[<prev] [next>] [<thread-prev] [day] [month] [year] [list]
Message-ID: <0101016e7f6441dc-8b48f47b-1771-4616-a198-6aeda4030807-000000@us-west-2.amazonses.com>
Date: Mon, 18 Nov 2019 16:41:47 +0000
From: Neeraj Upadhyay <neeraju@...eaurora.org>
To: paulmck@...nel.org
Cc: josh@...htriplett.org, joel@...lfernandes.org, rostedt@...dmis.org,
mathieu.desnoyers@...icios.com, jiangshanlai@...il.com,
linux-kernel@...r.kernel.org, rcu@...r.kernel.org,
pkondeti@...eaurora.org, prsood@...eaurora.org,
gkohli@...eaurora.org
Subject: Re: [PATCH] rcu: Fix missed wakeup of exp_wq waiters
Hi Paul,
On 11/18/2019 8:38 PM, Paul E. McKenney wrote:
> On Mon, Nov 18, 2019 at 09:28:39AM +0000, Neeraj Upadhyay wrote:
>> Hi Paul,
>>
>> On 11/18/2019 3:06 AM, Paul E. McKenney wrote:
>>> On Fri, Nov 15, 2019 at 10:58:14PM +0530, Neeraj Upadhyay wrote:
>>>> For the tasks waiting in exp_wq inside exp_funnel_lock(),
>>>> there is a chance that they might be indefinitely blocked
>>>> in below scenario:
>>>>
>>>> 1. There is a task waiting on exp sequence 0b'100' inside
>>>> exp_funnel_lock().
>>>>
>>>> _synchronize_rcu_expedited()
>>>
>>> This symbol went away a few versions back, but let's see how this
>>> plays out in current -rcu.
>>>
>>
>> Sorry; for us this problem is observed on 4.19 stable version; I had
>> checked against the -rcu code, and the relevant portions were present
>> there.
>>
>>>> s = 0b'100
>>>> exp_funnel_lock()
>>>> wait_event(rnp->exp_wq[rcu_seq_ctr(s) & 0x3]
>>>
>>> All of the above could still happen if the expedited grace
>>> period number was zero (or a bit less) when that task invoked
>>
>> Yes
>>
>>> synchronize_rcu_expedited().

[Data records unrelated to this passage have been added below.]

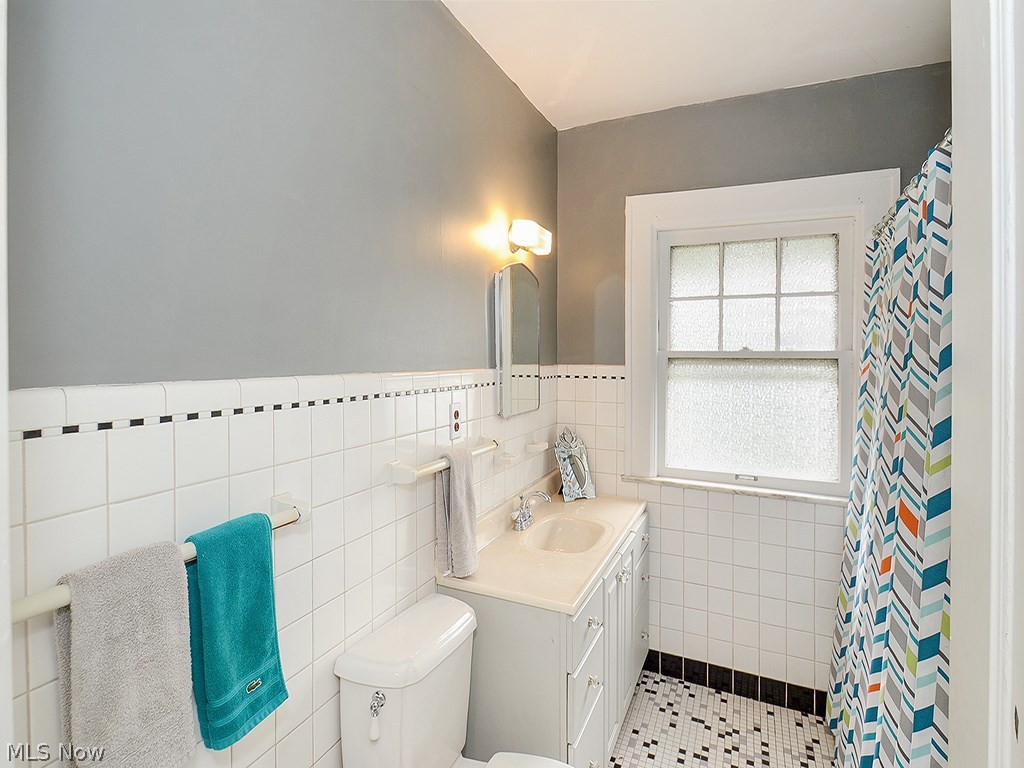 2248 Stillman Road Cleveland, OH 44118 - Photo 21 of 35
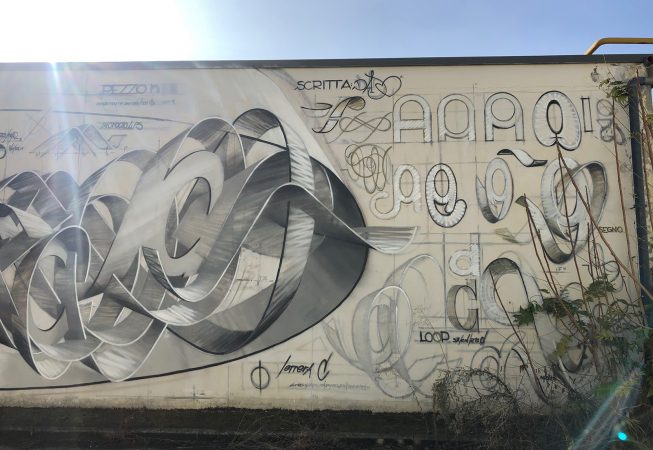 Anatomia 3, white and gray wildstyle and sketched letters right detail - writing aerosol art at Oz Bologna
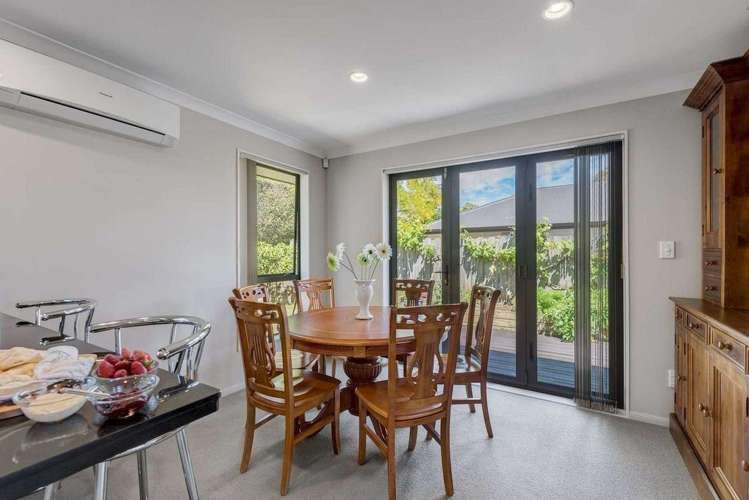 20 Araminta Place Beachlands_1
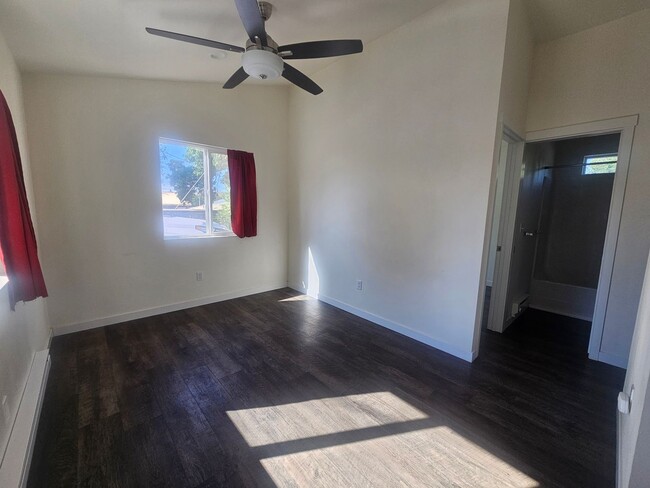 Building Photo - Brand new built house in central Ellensburg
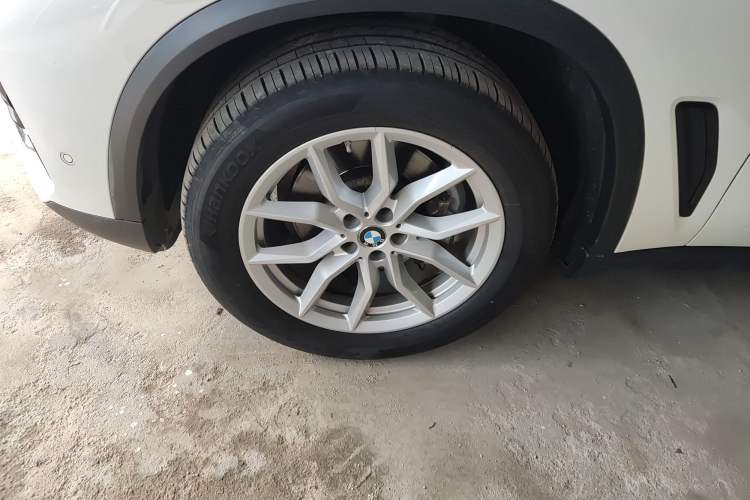 Used BMW X5 2019 xDrive40i XLine 19-inch wheels Middle East version
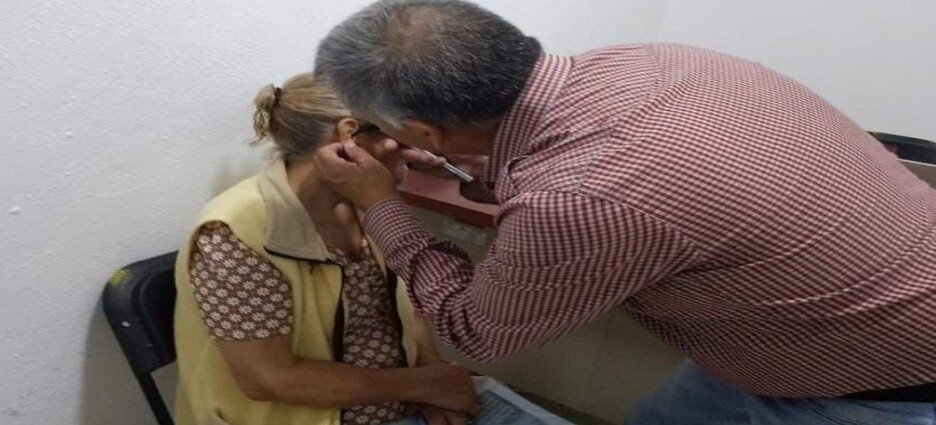 Realizan exámenes de oído gratuitos en Nezahualcóyotl
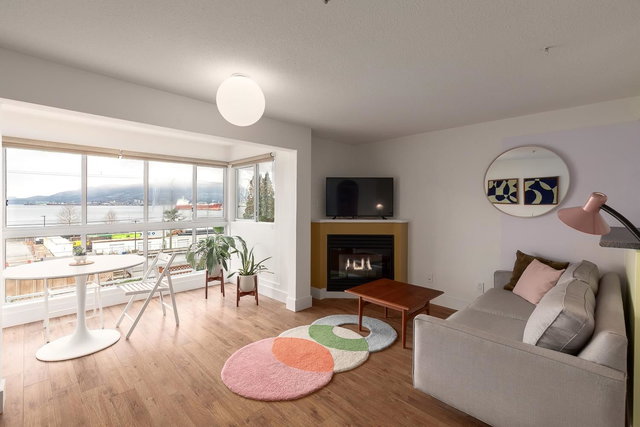 207 - 2211 Wall Street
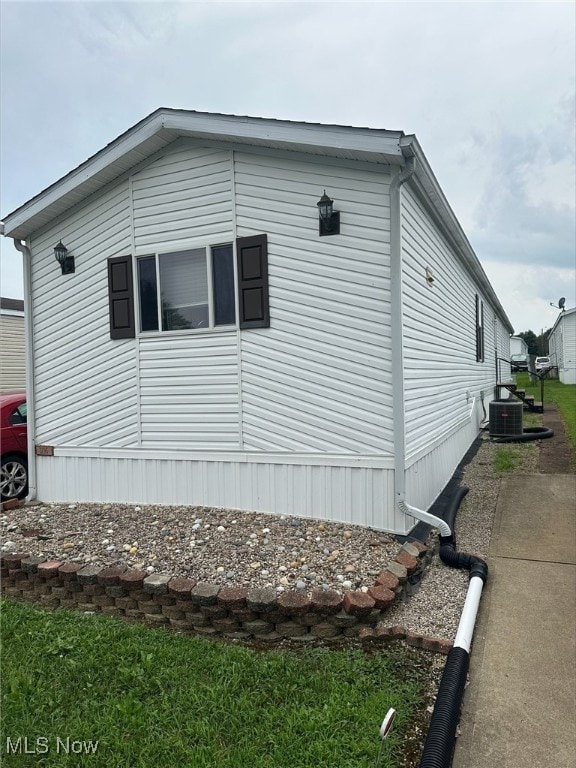 3195 Sugartyme Dr, Zanesville, OH 43701 - photo 2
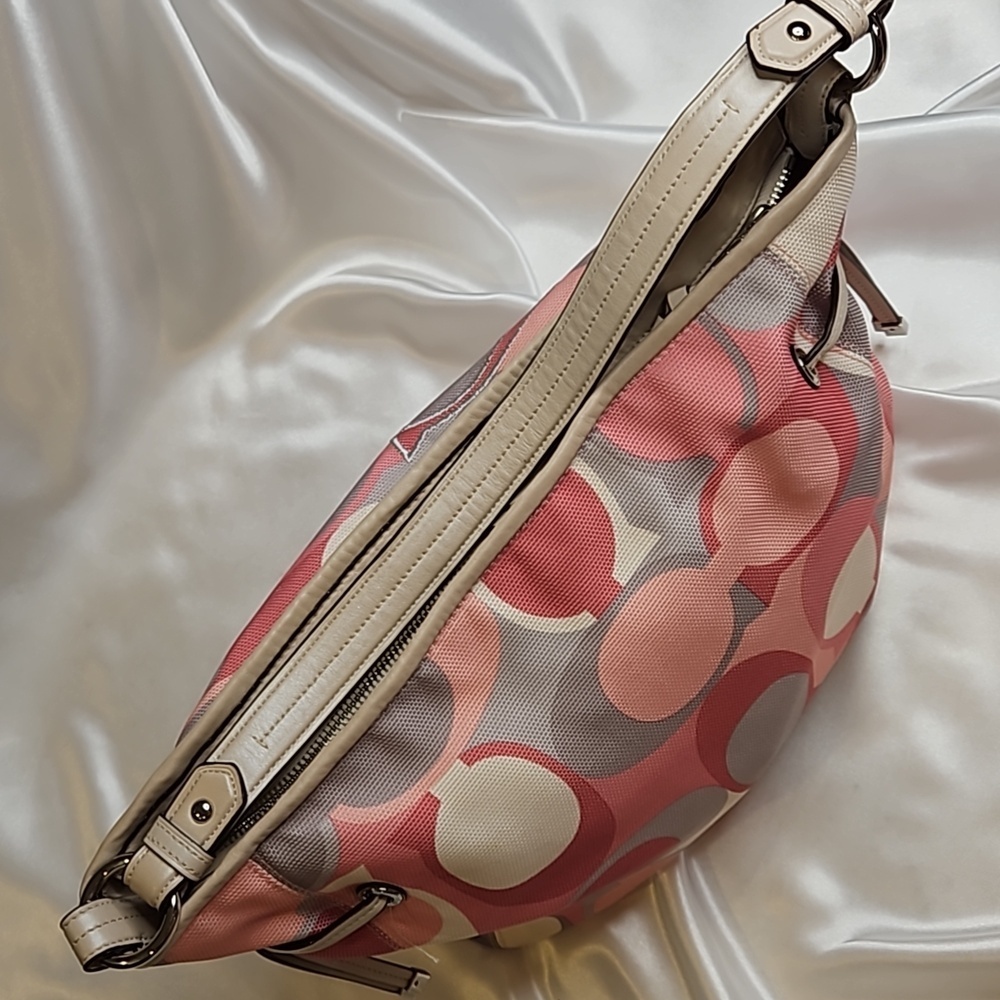 Coach Chelsea Scarf Print 19400 Pink - Picture 12 of 12
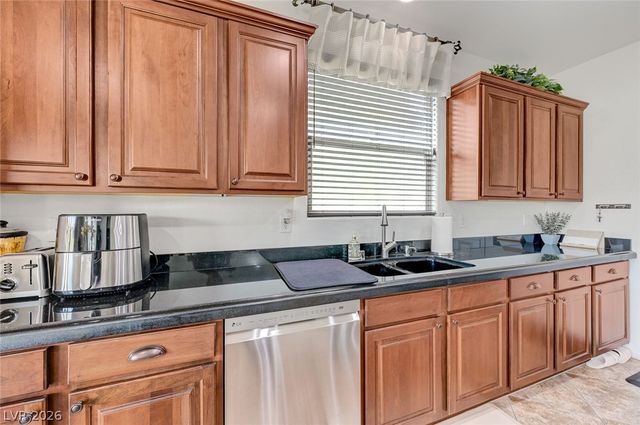 664 Orchard Course Drive, Las Vegas, NV 89148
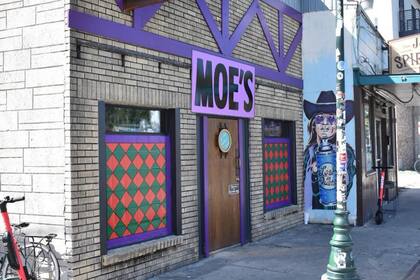 Un bar en Texas decidió convertirse en la clásica cantina de Los Simpson.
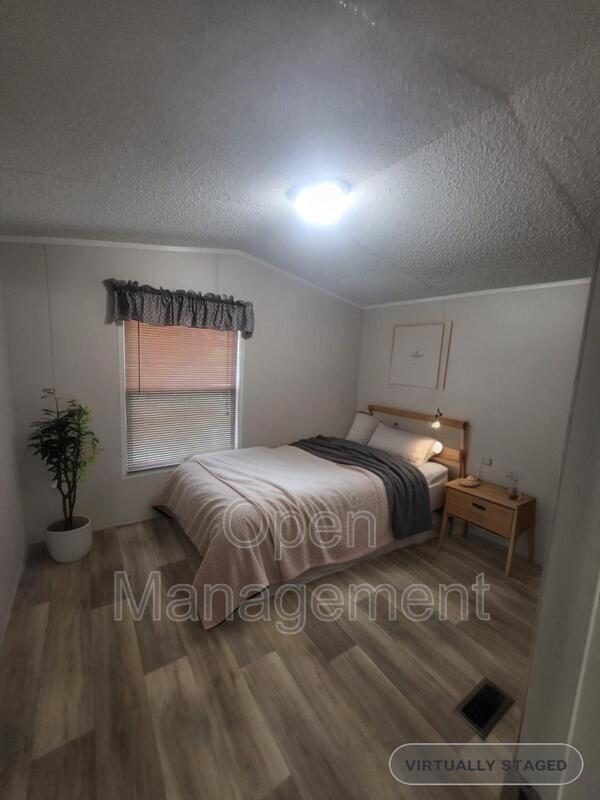 Foto del edificio - 3510 Bluegrass Park Dr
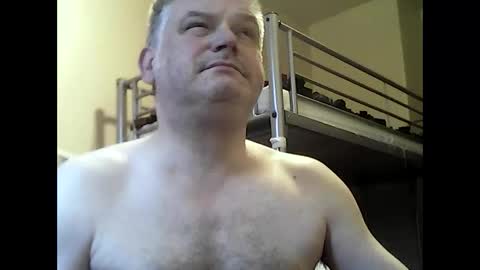 Snapshot of englishguysurrey chatting on December 2024 09:09:01 AM englishguysurrey online show from December 2024 09:09:01 AM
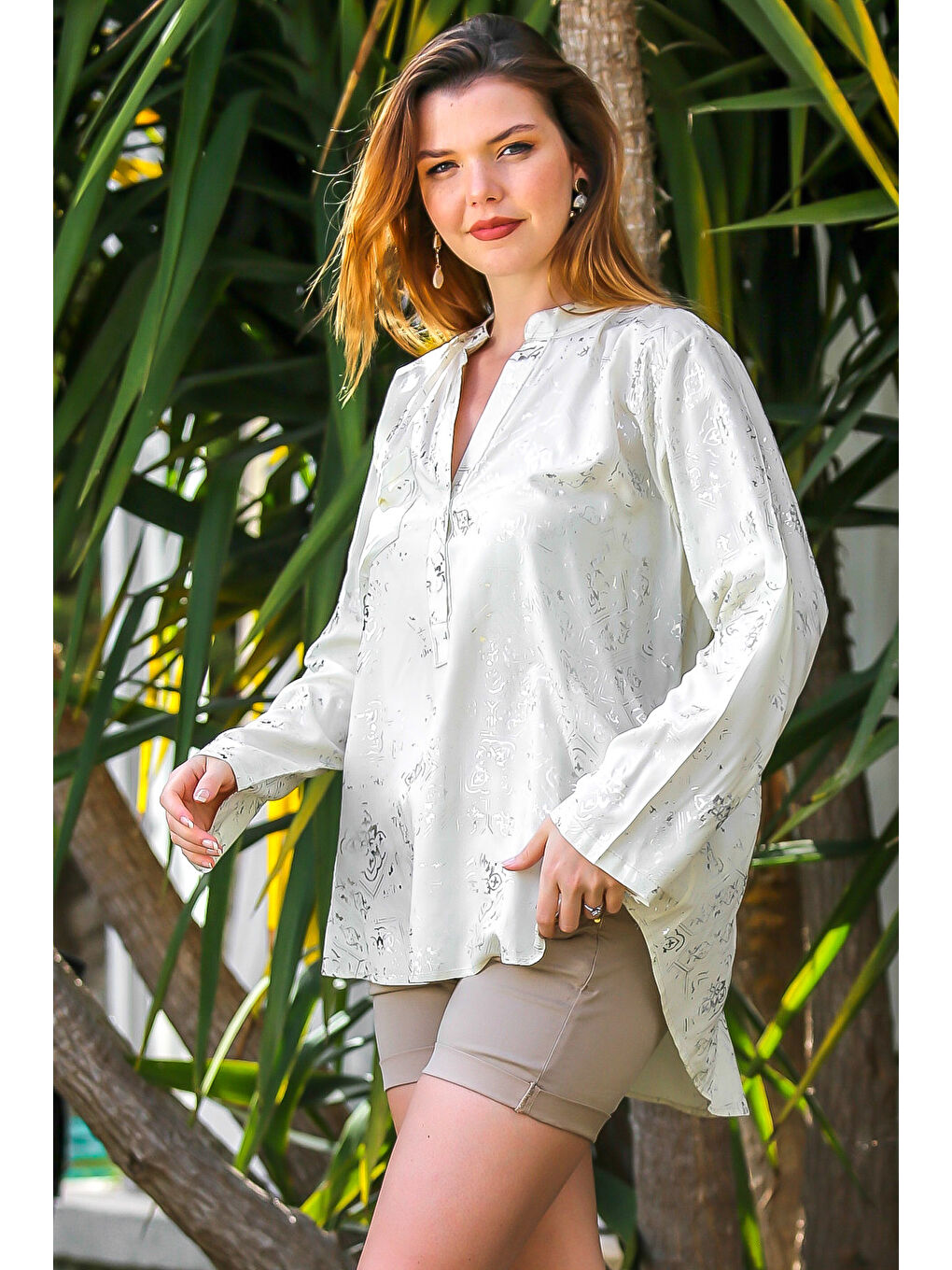 Beyaz Hakim Yaka Uzun Kol Düğmeli Varaklı Dokuma Casual Bluz-2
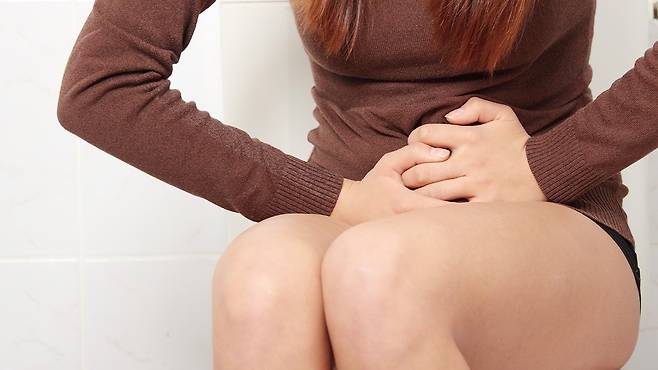 크론병은 자가면역 이상으로 인해 장 점막에 문제가 생겨 만성 설사와 복통이 발생하는 질환이다｜출처: 클립아트코리아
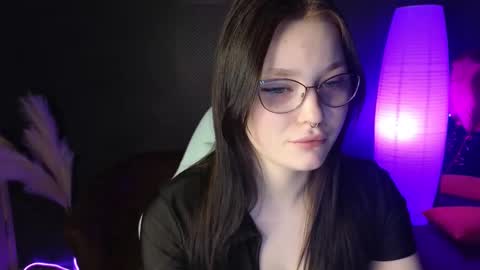 Millie online show from March 7, 1:20 am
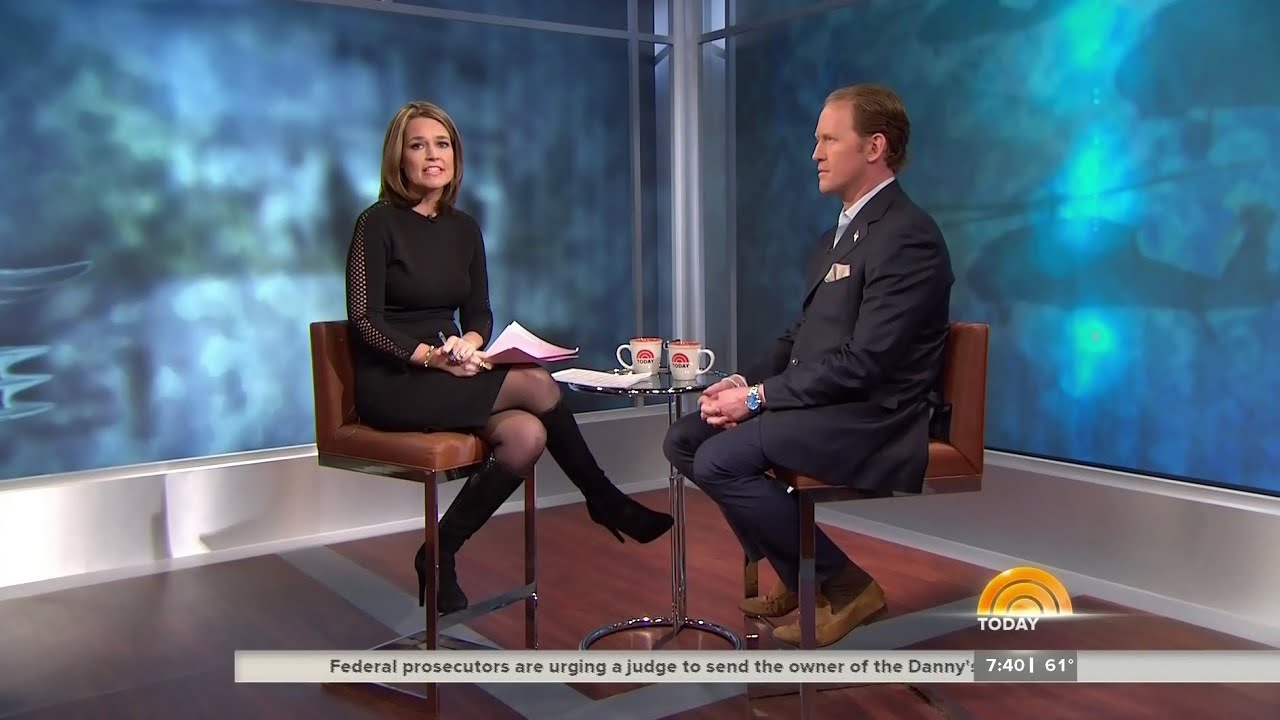 Savannah Guthrie in black suede boots - 14-Nov-2014 - YouTube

What is the relation, if any,
>>> between this task and "task1" below? Seems like you want them to
>>> be different tasks.
>>>
>>
>> This task is the one which is waiting for the expedited sequence, which
>> "task1" completes ("task1" holds the exp_mutex for it). "task1" would
>> wake up this task, on exp GP completion.
>>
>>> Does this task actually block, or is it just getting ready
>>> to block? Seems like you need it to have actually blocked.
>>>
>>
>> Yes, it actually blocked in wait queue.
>>
>>>> 2. The Exp GP completes and task (task1) holding exp_mutex queues
>>>> worker and schedules out.
>>>
>>> "The Exp GP" being the one that was initiated when the .expedited_sequence
>>> counter was zero, correct? (Looks that way below.)
>>>
>> Yes, correct.
>>
>>>> _synchronize_rcu_expedited()
>>>> s = 0b'100
>>>> queue_work(rcu_gp_wq, &rew.rew_work)
>>>> wake_up_worker()
>>>> schedule()
>>>>
>>>> 3. kworker A picks up the queued work and completes the exp gp
>>>> sequence.
>>>>
>>>> rcu_exp_wait_wake()
>>>> rcu_exp_wait_wake()
>>>> rcu_exp_gp_seq_end(rsp) // rsp->expedited_sequence is incremented
>>>> // to 0b'100'
>>>>
>>>> 4. task1 does not enter wait queue, as sync_exp_work_done() returns true,
>>>> and releases exp_mutex.
>>>>
>>>> wait_event(rnp->exp_wq[rcu_seq_ctr(s) & 0x3],
>>>> sync_exp_work_done(rsp, s));
>>>> mutex_unlock(&rsp->exp_mutex);
>>>
>>> So task1 is the one that initiated the expedited grace period that
>>> started when .expedited_sequence was zero, right?
>>>
>>
>> Yes, right.
>>
>>>> 5. Next exp GP completes, and sequence number is incremented:
>>>>
>>>> rcu_exp_wait_wake()
>>>> rcu_exp_wait_wake()
>>>> rcu_exp_gp_seq_end(rsp) // rsp->expedited_sequence = 0b'200'
>>>>
>>>> 6. As kworker A uses current expedited_sequence, it wakes up workers
>>>> from wrong wait queue index - it should have worken wait queue
>>>> corresponding to 0b'100' sequence, but wakes up the ones for
>>>> 0b'200' sequence. This results in task at step 1 indefinitely blocked.
>>>>
>>>> rcu_exp_wait_wake()
>>>> wake_up_all(&rnp->exp_wq[rcu_seq_ctr(rsp->expedited_sequence) & 0x3]);
>>>
>>> So the issue is that the next expedited RCU grace period might
>>> have completed before the completion of the wakeups for the previous
>>> expedited RCU grace period, correct? Then expedited grace periods have
>>
>> Yes. Actually from the ftraces, I saw that next expedited RCU grace
>> period completed while kworker A was in D state, while waiting for
>> exp_wake_mutex. This led to kworker A using sequence 2 (instead of 1) for
>> its wake_up_all() call; so, task (point 1) was never woken up, as it was
>> waiting on wq index 1.
>>
>>> to have stopped to prevent any future wakeup from happening, correct?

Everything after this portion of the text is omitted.